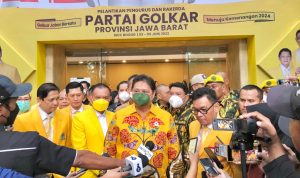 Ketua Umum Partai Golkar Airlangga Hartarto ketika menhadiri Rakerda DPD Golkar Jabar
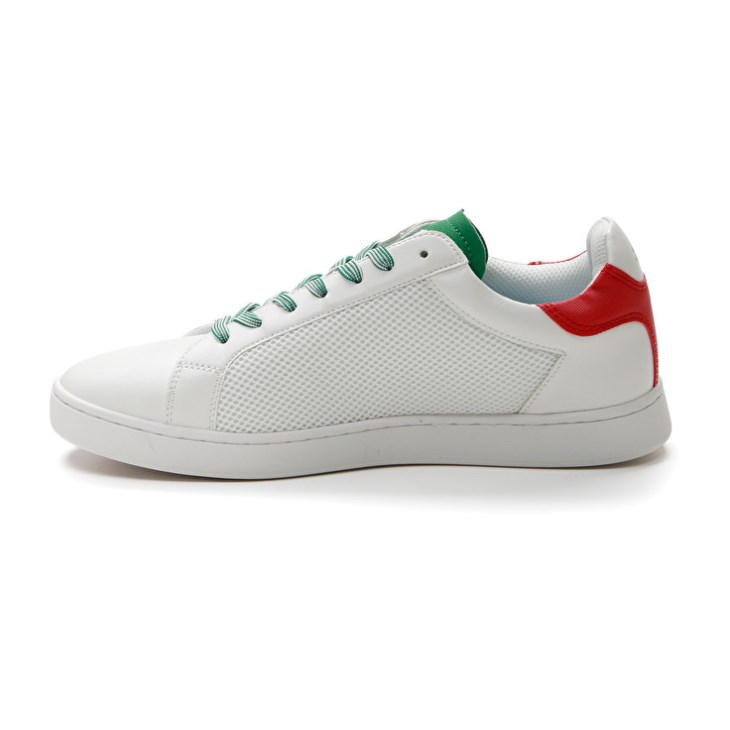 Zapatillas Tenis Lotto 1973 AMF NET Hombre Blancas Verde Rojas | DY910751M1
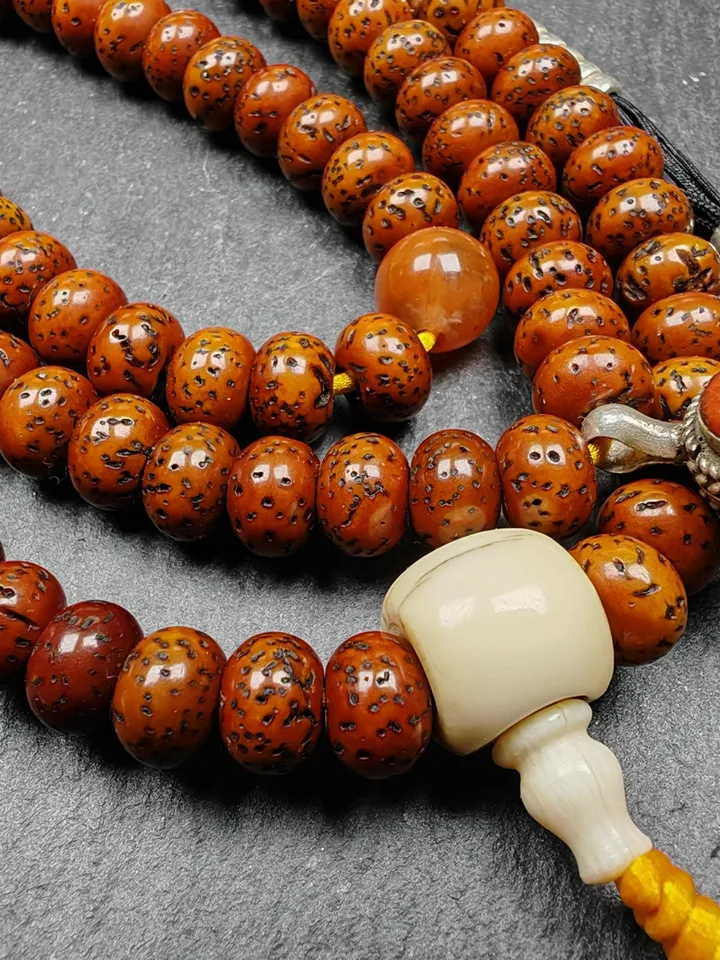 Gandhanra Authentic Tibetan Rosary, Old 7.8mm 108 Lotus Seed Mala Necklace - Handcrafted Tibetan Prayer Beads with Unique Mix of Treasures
---
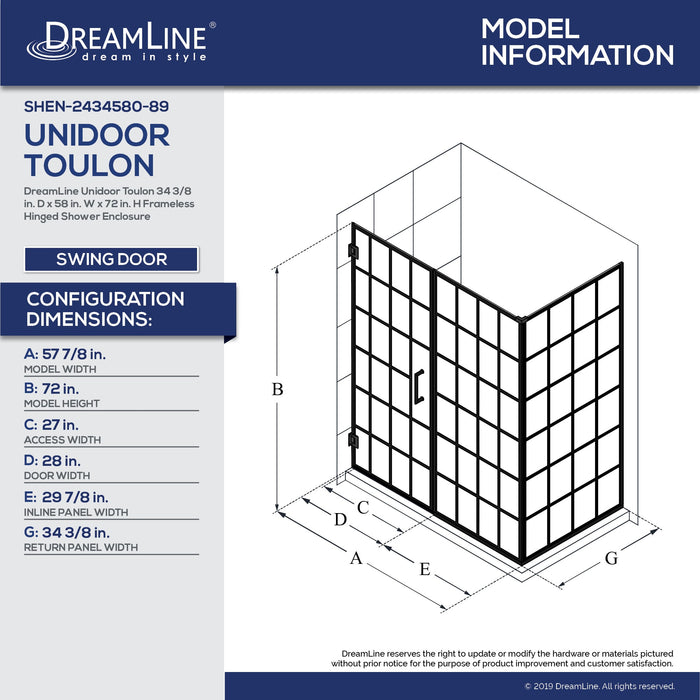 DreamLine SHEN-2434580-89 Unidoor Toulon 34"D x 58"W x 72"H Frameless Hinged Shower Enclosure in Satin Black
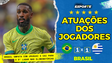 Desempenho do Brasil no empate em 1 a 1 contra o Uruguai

→ BRIEF
Working from the records above, set down word for word everything from the line containing "Zapatillas Tenis Lotto" down to the line containing "Gandhanra Authentic Tibetan", ends included, minus the pictures.

→ COMPLETED TASK
 Zapatillas Tenis Lotto 1973 AMF NET Hombre Blancas Verde Rojas | DY910751M1
 Gandhanra Authentic Tibetan Rosary, Old 7.8mm 108 Lotus Seed Mala Necklace - Handcrafted Tibetan Prayer Beads with Unique Mix of Treasures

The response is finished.